I have to be my own business and get the hell out of yours. I am not responsible for you or anyone else, even my children. They are not babies anymore, they are teens and the best and most loving thing I can do today is to allow them to figure out as much shit as they can about who they are and what they are. I am really here to keep the lights on, food on the table and them from burning the place down...they don’t really want my help and REALLY don’t want my control. They want me to take care of the things that are mine and support their efforts to do the same. And they are teens, so they would really, really like it if I allowed them to make their shit my responsibility. But we all know how that works out...
I have to be 100% responsible for my 50% as my friend Paul says...in all that I do. I can get over into your 50% but we all know that is the quickest way to beget resentment.

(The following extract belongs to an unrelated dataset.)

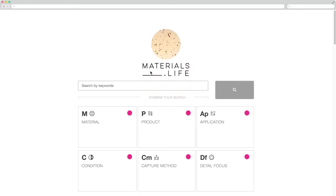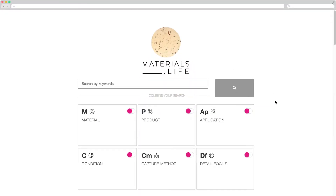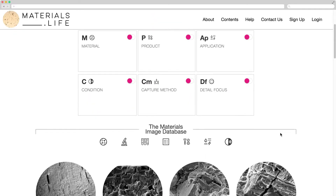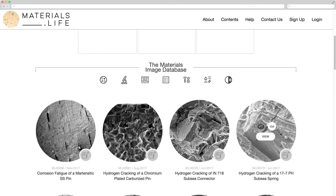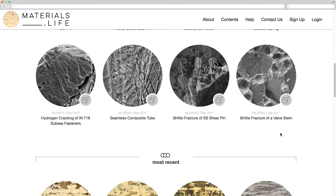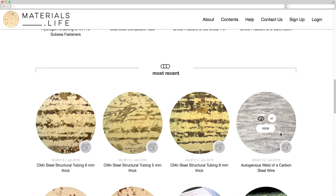Materials LifeSite is an image metallurgical database of metallic materials adopted in engineering applications. On the Home page, there are six basic categories for searching. There are also eight interesting cases selected by us and the last recently uploaded cases.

I have learned over the last 20 years to be leery of people who invite, and sometimes in fact beg me onto their 100% plot, I have come to see this more as invitation for both of us to become instantly and forever miserable...because I know for sure, that the only work I can do is my own. And as much as I would love to believe that your work could be made easier or better with my assistance, I know from my own life that is simply untrue.
I have to remain constantly vigilant to walk the very delicate line between self care and selfishness while also tightrope walking the slackline of my own life. I can do it for you, but I rob you of the lessons you are meant to learn. And I rob myself of the time and energy to attend to my own life...and learn my own lessons.
And there for me is the big reveal, I take responsibility for you and your stuff so that I don’t have to look at my own. Yours is easier, more solvable and better from my view. Yours I can really get in there and effectuate some real change! But that is just folly...I can’t. All I can really do is get in there and muck it all up...preventing both of us for really growing and owning that which is ours to deal with...
I am responsible for this and this alone: my life. My efforts, my use of will, my attitude and how I show up, if I show up. That is all. I have to own the skin I am in and recognize that this is all I am given for raw material. I can leave the cutting board of my own life and become distracted in your designs and schemes but really, no matter what I do, I will always and forever just be shirking off my own responsibility so that I can muck about in yours which results in both of us being robbed of amazing opportunities for growth, change and a feeling of contentment.
Responsibility is tricky because there are lots of opinions to the contrary about exactly what and for whom I am responsible...today, I know that you all get to think whatever you want about whatever you want, which would include a less than stellar opinion of me. However none of that changes my only real responsibility in this life: to do the work to find out who I am and then do the next indicated work to improve on what I find while honoring the good that exists. Be me, and allow you to be you, that is all.